Fort Apache ends with Henry Fonda getting most of his regiment wiped out in a foolhardy battle worthy of Custer. John Wayne actually wants to duel his regimental commander at one point to stop it. Then Wayne and Miguel Inclan (playing the Apache warlord Cochise) have a poignant conversation about the situation. Cochise lets Wayne and his remaining soldiers live. We end with Wayne now the regimental commander and when confronted with the myth of Fonda’s last stand by reporters, Wayne lets the myth live. As in, Wayne lies. Roll credits.
So what was the point of Hostiles? Well, I think what they were going for is at the beginning of the movie Bale hates Studi and only his orders are keeping him from murdering Studi straight up. Yet by the end of the movie Bale is willing to shoot his own kind to defend Studi’s grave.
Okay, got it. But the problem is that’s all there is going on. In the meantime there is the aforementioned on screen murder of three children, three women are raped (off screen), numerous very bloody battles, and the final scene in which pretty much everybody dies horribly.
So if all Hostiles has is Bale simply learns not to hate at least one Indian and his family, then what exactly was the point of all the murder, rape, violence, gore, etc? Was it to set the scene and mood? Was it to provide the action and shock that the writers and director seem to think a modern movie demands? You could have told the story of Hostiles with maybe only one or two people gunned down.
That they didn’t do this means that any character progression in Bale, that he ends up a better person, is simply just lost amidst the gore, the awfulness, the constant death. It’s why as the viewer I had to actually think about what the point of the movie was afterwards. Because in the moment all you can feel is the violence shoved right in your face for two hours.

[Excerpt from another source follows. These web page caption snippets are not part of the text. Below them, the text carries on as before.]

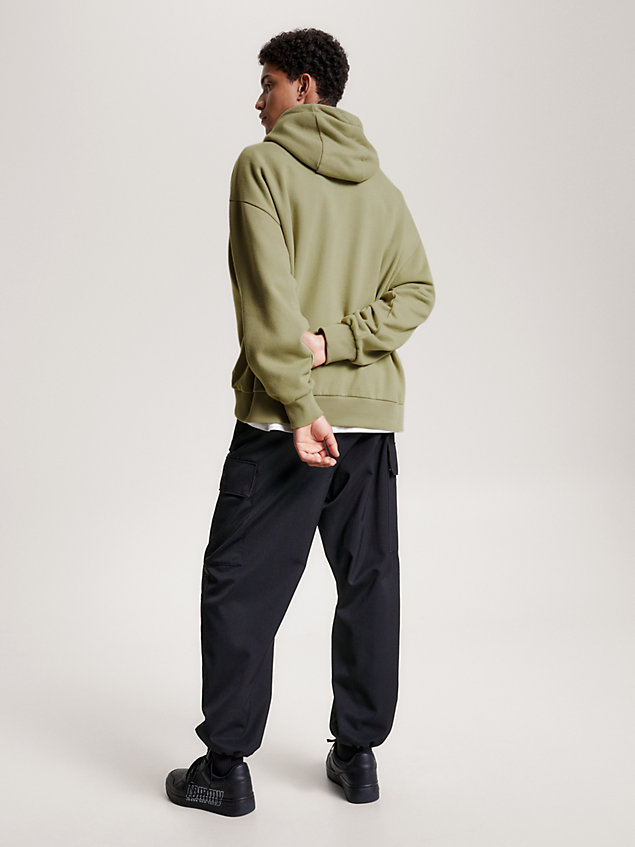 green essential garment wash hoody for men tommy jeans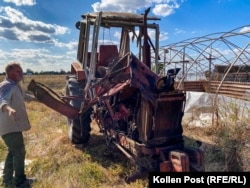 In Posad-Pokrovske, Tolik Ponomarenko shows off his tractor with the front wheels blown apart and the engine wide open after it ran over an anti-tank mine.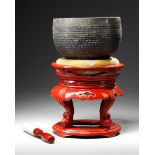 A JAPANESE TEMPLE BELL ON RED LACQUERED STAND WITH PILLOW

Contrast all of this with Fort Apache. At it’s heart this movie is a study of Fonda’s character. It’s about how an otherwise decent, hardworking man can be consumed by arrogance, racism, and narcissism that leads to the unforgivable sin where a military commander loses most of his men in a battle that need not ever have been fought.
It gets even worse with Wayne. Wayne ends the movie by perpetuating the myth that Fonda’s actions were right, just, and glorious. Then Wayne takes his regiment and leads them on the attack against the Apache. All the moments Wayne had where he conversed with Cochise, where he knew Fonda was wrong are blown away by the simple act: Wayne is going to do his duty.
And thus you see the point of Fort Apache is the great wheel that was the Indian wars of the American West. Everybody gets ground down in what in the end was a series of savage endless wars that lasted decades. Decent guys in Wayne, Fonda, and Cochise trying to do the right thing, their duty, leads to death where alternatives were still available. It’s brutal to consider.
Fort Apache accomplishes all of this without a single gory murder, rape, or scene where Wayne and/or Fonda are shown in some kind of vicious traumatic rage, or hatred, or crying or screaming like crazy people, all things in Hostiles repeatedly. Yeah, this is a movie made in 1948 so of course it’s tamer, but the point remains valid.
I think television and movies are going down two trends. The idea is that a tale must be an adventure theme park ride or it must shock you. In both cases, the plot is a side concern.
The Jurassic movie recently came out. I’m sure that film will make over $1B. It has a plot that probably makes no sense, but that doesn’t matter. People see this movie because it’s a theme park ride where dinosaurs eat people.
Where Hostiles could have really taken it’s time with a thick plot full of thought and motives, it instead spends most of its on screen time in the shock category. And thus, its message gets lost in the darkness.
I don’t need all my entertainment to make me happy. Dark movies have their important place. But give me the Fort Apache kind any day. That’s the way to do it.